--- START ---

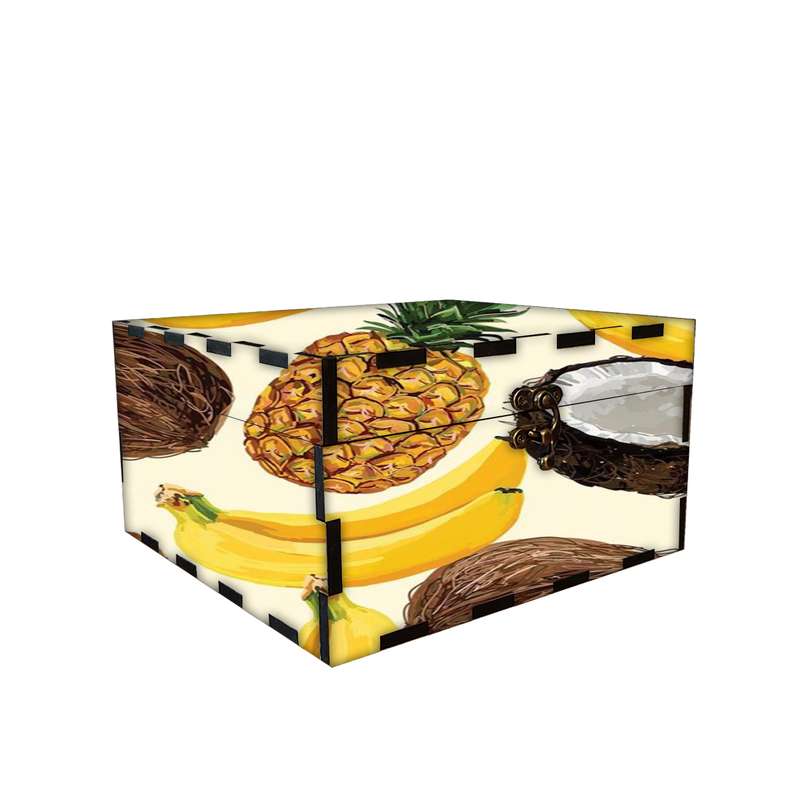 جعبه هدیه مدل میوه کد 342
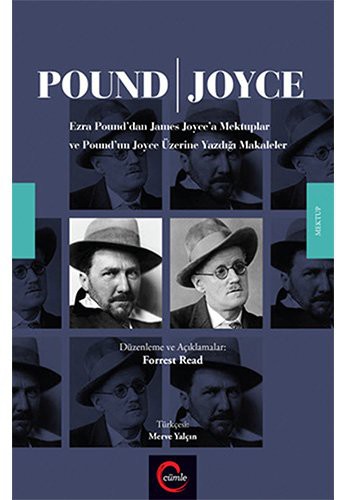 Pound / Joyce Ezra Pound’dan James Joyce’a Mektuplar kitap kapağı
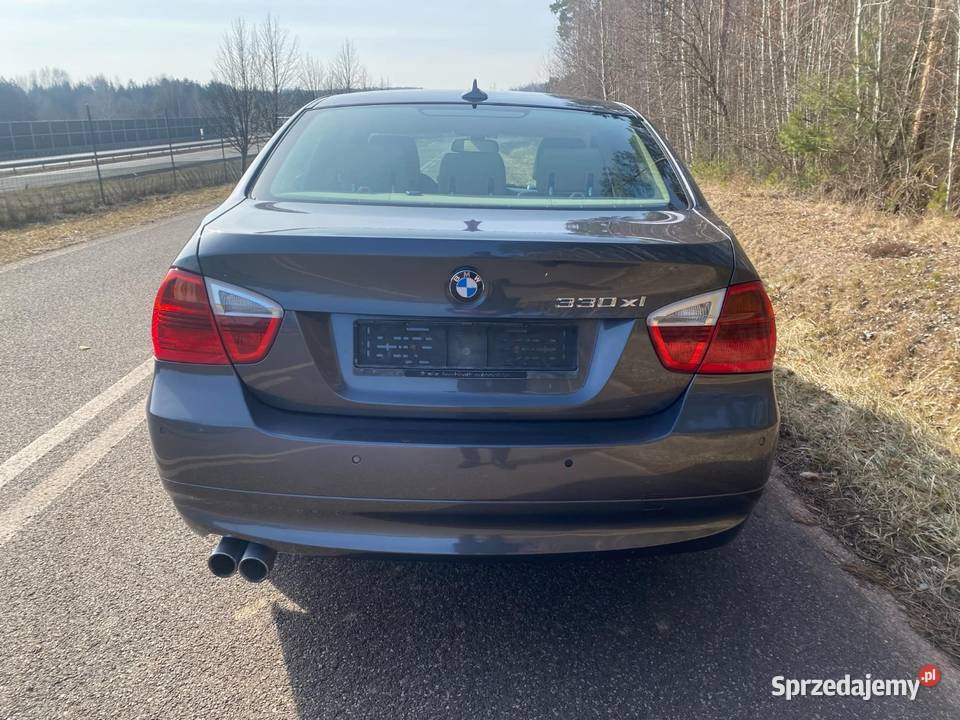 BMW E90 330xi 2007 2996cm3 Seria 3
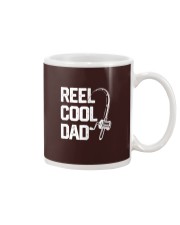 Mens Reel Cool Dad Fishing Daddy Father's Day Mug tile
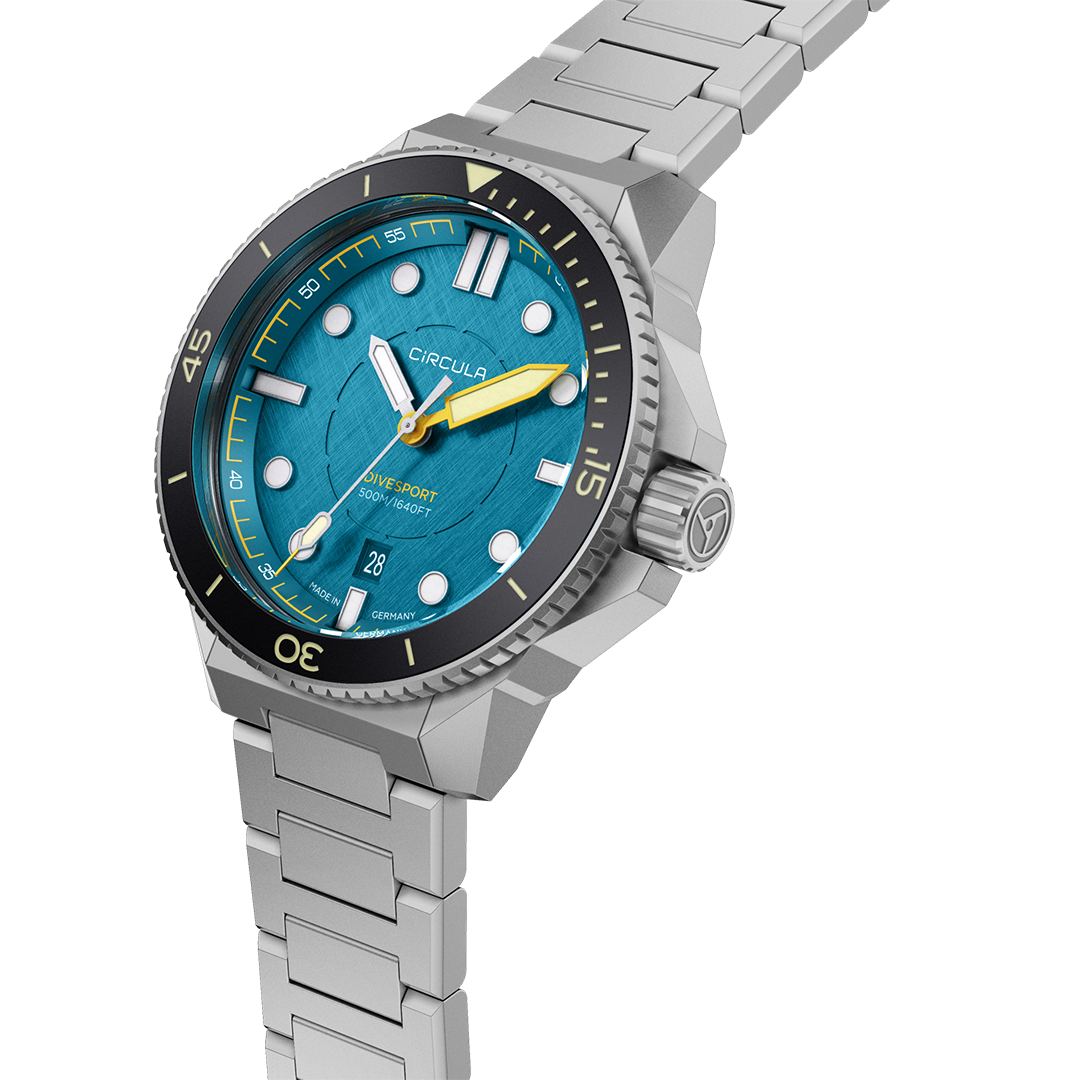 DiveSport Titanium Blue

--- END ---

**HOW TO COMPLETE THIS TASK:**
Transcribe the whole listing exactly. Pictures stay out of your copy.

**RESULT OF THE TASK:**
 جعبه هدیه مدل میوه کد 342
 Pound / Joyce Ezra Pound’dan James Joyce’a Mektuplar kitap kapağı
 BMW E90 330xi 2007 2996cm3 Seria 3
 Mens Reel Cool Dad Fishing Daddy Father's Day Mug tile
 DiveSport Titanium Blue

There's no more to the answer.